[DEPRECATED] See https://github.com/p-ranav/csv2
This library is now deprecated. Checkout a second implementation of this library here: https://github.com/p-ranav/csv2.
Simply include reader.hpp and you’re good to go.
#include <csv/reader.hpp>
To start parsing CSV files, create a csv::Reader
object and call .read(filename)
.
csv::Reader foo;
foo.read("test.csv");
This .read
method is non-blocking. The reader spawns multiple threads to tokenize the file stream and build a “list of dictionaries”. While the reader is doing it’s thing, you can start post-processing the rows it has parsed so far using this iterator pattern:
while(foo.busy()) {
if (foo.ready()) {
auto row = foo.next_row(); // Each row is a csv::unordered_flat_map (github.com/martinus/robin-hood-hashing)
auto foo = row["foo"] // You can use it just like an std::unordered_map
auto bar = row["bar"];
// do something
}
}
If instead you’d like to wait for all the rows to get processed, you can call .rows()
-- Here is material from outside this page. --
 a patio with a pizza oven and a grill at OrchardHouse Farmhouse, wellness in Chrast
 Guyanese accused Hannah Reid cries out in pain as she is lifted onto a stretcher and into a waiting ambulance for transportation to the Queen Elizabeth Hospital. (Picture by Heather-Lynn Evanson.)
which is a convenience method that executes the above while loop
auto rows = foo.rows(); // blocks until the CSV is fully processed
for (auto& row : rows) { // Example: [{"foo": "1", "bar": "2"}, {"foo": "3", "bar": "4"}, ...]
auto foo = row["foo"];
// do something
}
This csv library comes with three standard dialects:
Name | Description |
---|---|
excel | The excel dialect defines the usual properties of an Excel-generated CSV file |
excel_tab | The excel_tab dialect defines the usual properties of an Excel-generated TAB-delimited file |
unix | The unix dialect defines the usual properties of a CSV file generated on UNIX systems, i.e. using ‘\n’ as line terminator and quoting all fields |
Custom dialects can be constructed with .configure_dialect(...)
csv::Reader csv;
csv.configure_dialect("my fancy dialect")
.delimiter("")
.quote_character('"')
.double_quote(true)
.skip_initial_space(false)
.trim_characters(' ', '\t')
.ignore_columns("foo", "bar")
.header(true)
.skip_empty_rows(true);
csv.read("foo.csv");
for (auto& row : csv.rows()) {
// do something
}
Property | Data Type | Description |
---|---|---|
delimiter | std::string |
specifies the character sequence which should separate fields (aka columns). Default = "," |
quote_character | char |
specifies a one-character string to use as the quoting character. Default = '"' |
double_quote | bool |
controls the handling of quotes inside fields. If true, two consecutive quotes should be interpreted as one. Default = true |
skip_initial_space | bool |
specifies how to interpret whitespace which immediately follows a delimiter; if false, it means that whitespace immediately after a delimiter should be treated as part of the following field. Default = false |
trim_characters | std::vector<char> |
specifies the list of characters to trim from every value in the CSV. Default = {} - nothing trimmed |
ignore_columns | std::vector<std::string> |
specifies the list of columns to ignore. These columns will be stripped during the parsing process. Default = {} - no column ignored |
header | bool |
indicates whether the file includes a header row. If true the first row in the file is a header row, not data. Default = true |
column_names | std::vector<std::string> |
specifies the list of column names. This is useful when the first row of the CSV isn’t a header Default = {} |
skip_empty_rows | bool |
specifies how empty rows should be interpreted. If this is set to true, empty rows are skipped. Default = false |
The line terminator is '\n'
by default. I use std::getline and handle stripping out '\r'
from line endings. So, for now, this is not configurable in custom dialects.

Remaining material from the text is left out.